The so-called first prong of Caremark requires Plaintiffs to well-plead that the Board “completely fail[ed] to implement any reporting or information system or controls[.]” But Plaintiffs acknowledge the Board’s Nominating and Corporate Governance Committee was “specifically charged” with “provid[ing] general compliance oversight . . . with respect to . . . Federal health care program requirements and FDA requirements.” And they further acknowledge “[t]he Board . . . reviewed detailed information regarding [Roci’s] TIGER-X trial at each Board meeting.” Given these acknowledged facts, it is difficult to conceive how Plaintiffs would prove the Board had no “reporting or information system or controls[.]”
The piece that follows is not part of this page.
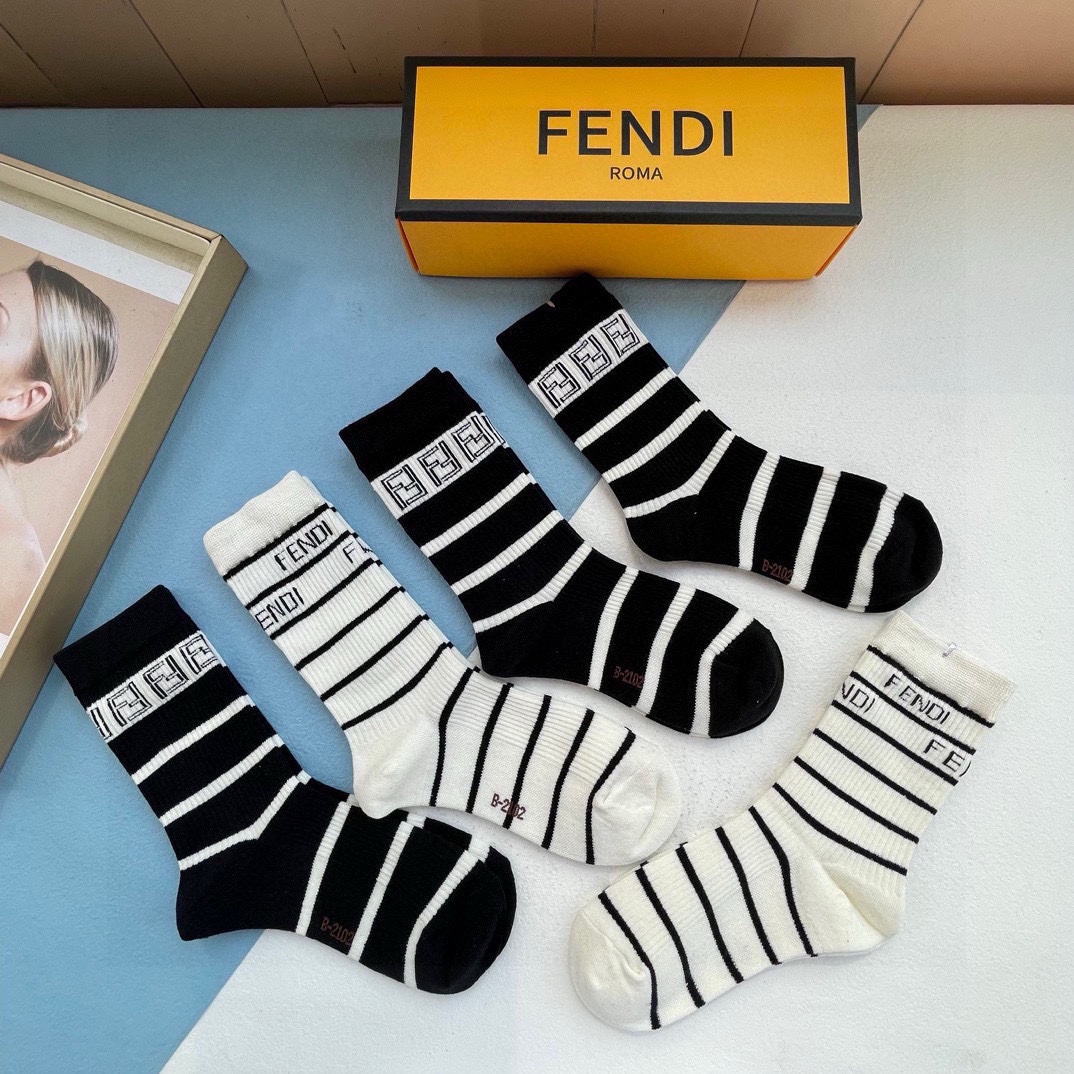 配包装一盒五双FENDI芬迪️大F新品高筒袜子️超级经典的双F标志纯棉材质制造透气舒适超级nice️超火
Caremark’s second prong is implicated when it is alleged the company implemented an oversight system but the board failed to “monitor it.” To state a claim under this prong, Plaintiffs must well-plead that a red flag” of noncompliance waived before the Board Defendants but they chose to ignore it.

In this regard, the court must remain mindful that “red flags are only useful when they are either waived in one’s face or displayed so that they are visible to the careful observer.” But, as Marchand makes clear, the careful observer is one whose gaze is fixed on the company’s mission critical regulatory issues. For Clovis, this was Roci’s TIGER-X trial and the clinical trial protocols and related FDA regulations governing that study.

Plaintiffs have alleged particularized facts supporting reasonable inferences that: (i) the Board knew the TIGER-X protocol incorporated RECIST; (ii) RECIST requires reporting only confirmed responses; (iii) industry practice and FDA guidance require that the study managers report only confirmed responses; (iv) management was publicly reporting unconfirmed responses to keep up with Tagrisso’s response rate; and (v) the Board knew management was incorrectly reporting responses but did nothing to address this fundamental departure from the RECIST protocol. When Clovis’ serial non-compliance with RECIST was finally revealed to the regulators, Roci was doomed. And when the drug’s failure was revealed to the market, Clovis’ stock price tumbled.

[…]

Roci was Clovis’ mission critical product. And the Board knew, upon completion of the TIGER-X trial, the FDA would consider only confirmed responses when determining whether to approve Roci’s NDA per the agency’s own regulations. As pled, these regulations, and the reporting requirements of the RECIST protocol, were not nuanced. The Board was comprised of experts and the RECIST criteria are well-known in the pharmaceutical industry. Moreover, given the degree to which Clovis relied upon ORR when raising capital, it is reasonable to infer the Board would have understood the concept and would have appreciated the distinction between confirmed and unconfirmed responses. The inference of Board knowledge is further enhanced by the fact the Board knew that even after FDA approval, physicians (i.e., future prescribers) would evaluate Roci based on its ORR.

Defendants argue the FDA blessed Clovis’ plan to report unconfirmed responses for “interim” results because Roci was on an accelerated approval track. Additionally, Defendants claim FDA guidance was not as clear as the Complaint depicts. But, again, that is not what the Complaint alleges. Whether Plaintiffs allegations hold up during discovery, at summary judgment or at trial remains to be seen.

Drawing all reasonable inferences in Plaintiffs’ favor, I am satisfied they have well-pled that the Board consciously ignored red flags that revealed a mission critical failure to comply with the RECIST protocol and associated FDA regulations. Additionally, at this stage, Plaintiffs’ allegation that this failure of oversight caused monetary and reputational harm to the Company is sufficient to provide a causal nexus between the breach of fiduciary duty and the corporate trauma. Therefore, Defendants’ motion to dismiss Count I (Plaintiffs’ Caremark claim) under Rules 23.1 and 12(b)(6) must be denied.”